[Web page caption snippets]
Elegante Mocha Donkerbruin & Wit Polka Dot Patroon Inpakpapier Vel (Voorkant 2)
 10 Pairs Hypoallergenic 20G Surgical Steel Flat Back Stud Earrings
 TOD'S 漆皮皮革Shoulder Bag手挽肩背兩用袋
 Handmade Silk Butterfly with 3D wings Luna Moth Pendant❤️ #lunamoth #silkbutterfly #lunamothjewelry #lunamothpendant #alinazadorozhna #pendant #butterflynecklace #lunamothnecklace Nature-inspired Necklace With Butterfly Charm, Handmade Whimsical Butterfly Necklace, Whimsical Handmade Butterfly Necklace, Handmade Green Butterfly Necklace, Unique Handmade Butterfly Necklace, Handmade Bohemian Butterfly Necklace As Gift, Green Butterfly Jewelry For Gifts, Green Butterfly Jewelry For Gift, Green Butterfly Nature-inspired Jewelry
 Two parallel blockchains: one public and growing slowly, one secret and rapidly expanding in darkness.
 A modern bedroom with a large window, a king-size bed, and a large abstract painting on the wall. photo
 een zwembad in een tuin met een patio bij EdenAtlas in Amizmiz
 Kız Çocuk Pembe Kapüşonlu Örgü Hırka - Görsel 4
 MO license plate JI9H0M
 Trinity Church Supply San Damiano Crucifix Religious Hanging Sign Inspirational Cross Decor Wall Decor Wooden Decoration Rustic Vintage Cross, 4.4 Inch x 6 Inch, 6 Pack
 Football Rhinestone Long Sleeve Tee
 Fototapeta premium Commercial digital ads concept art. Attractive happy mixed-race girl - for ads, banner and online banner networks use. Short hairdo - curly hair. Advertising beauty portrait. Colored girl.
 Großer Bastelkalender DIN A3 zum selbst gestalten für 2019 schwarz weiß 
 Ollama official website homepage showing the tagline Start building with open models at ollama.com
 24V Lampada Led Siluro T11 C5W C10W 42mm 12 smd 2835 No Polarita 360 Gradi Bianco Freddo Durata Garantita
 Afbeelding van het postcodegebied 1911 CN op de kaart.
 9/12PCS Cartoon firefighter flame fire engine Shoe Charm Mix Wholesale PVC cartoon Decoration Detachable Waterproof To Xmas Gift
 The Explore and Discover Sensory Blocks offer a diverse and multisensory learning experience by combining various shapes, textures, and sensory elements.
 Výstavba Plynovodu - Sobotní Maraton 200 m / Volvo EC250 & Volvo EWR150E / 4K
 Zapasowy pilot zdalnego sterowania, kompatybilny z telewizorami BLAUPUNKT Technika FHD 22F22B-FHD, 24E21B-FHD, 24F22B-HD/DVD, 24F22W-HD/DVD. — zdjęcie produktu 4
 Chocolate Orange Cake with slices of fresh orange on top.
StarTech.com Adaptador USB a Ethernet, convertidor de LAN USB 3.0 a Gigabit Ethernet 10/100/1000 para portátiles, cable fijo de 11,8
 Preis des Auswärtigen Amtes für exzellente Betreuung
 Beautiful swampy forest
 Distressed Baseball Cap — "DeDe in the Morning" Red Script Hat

» **PROBLEM STATEMENT**: Print each entry above word for word, leaving none out.

» **REPLY**:
Elegante Mocha Donkerbruin & Wit Polka Dot Patroon Inpakpapier Vel (Voorkant 2)
 10 Pairs Hypoallergenic 20G Surgical Steel Flat Back Stud Earrings
 TOD'S 漆皮皮革Shoulder Bag手挽肩背兩用袋
 Handmade Silk Butterfly with 3D wings Luna Moth Pendant❤️ #lunamoth #silkbutterfly #lunamothjewelry #lunamothpendant #alinazadorozhna #pendant #butterflynecklace #lunamothnecklace Nature-inspired Necklace With Butterfly Charm, Handmade Whimsical Butterfly Necklace, Whimsical Handmade Butterfly Necklace, Handmade Green Butterfly Necklace, Unique Handmade Butterfly Necklace, Handmade Bohemian Butterfly Necklace As Gift, Green Butterfly Jewelry For Gifts, Green Butterfly Jewelry For Gift, Green Butterfly Nature-inspired Jewelry
 Two parallel blockchains: one public and growing slowly, one secret and rapidly expanding in darkness.
 A modern bedroom with a large window, a king-size bed, and a large abstract painting on the wall. photo
 een zwembad in een tuin met een patio bij EdenAtlas in Amizmiz
 Kız Çocuk Pembe Kapüşonlu Örgü Hırka - Görsel 4
 MO license plate JI9H0M
 Trinity Church Supply San Damiano Crucifix Religious Hanging Sign Inspirational Cross Decor Wall Decor Wooden Decoration Rustic Vintage Cross, 4.4 Inch x 6 Inch, 6 Pack
 Football Rhinestone Long Sleeve Tee
 Fototapeta premium Commercial digital ads concept art. Attractive happy mixed-race girl - for ads, banner and online banner networks use. Short hairdo - curly hair. Advertising beauty portrait. Colored girl.
 Großer Bastelkalender DIN A3 zum selbst gestalten für 2019 schwarz weiß 
 Ollama official website homepage showing the tagline Start building with open models at ollama.com
 24V Lampada Led Siluro T11 C5W C10W 42mm 12 smd 2835 No Polarita 360 Gradi Bianco Freddo Durata Garantita
 Afbeelding van het postcodegebied 1911 CN op de kaart.
 9/12PCS Cartoon firefighter flame fire engine Shoe Charm Mix Wholesale PVC cartoon Decoration Detachable Waterproof To Xmas Gift
 The Explore and Discover Sensory Blocks offer a diverse and multisensory learning experience by combining various shapes, textures, and sensory elements.
 Výstavba Plynovodu - Sobotní Maraton 200 m / Volvo EC250 & Volvo EWR150E / 4K
 Zapasowy pilot zdalnego sterowania, kompatybilny z telewizorami BLAUPUNKT Technika FHD 22F22B-FHD, 24E21B-FHD, 24F22B-HD/DVD, 24F22W-HD/DVD. — zdjęcie produktu 4
 Chocolate Orange Cake with slices of fresh orange on top.
StarTech.com Adaptador USB a Ethernet, convertidor de LAN USB 3.0 a Gigabit Ethernet 10/100/1000 para portátiles, cable fijo de 11,8
 Preis des Auswärtigen Amtes für exzellente Betreuung
 Beautiful swampy forest
 Distressed Baseball Cap — "DeDe in the Morning" Red Script Hat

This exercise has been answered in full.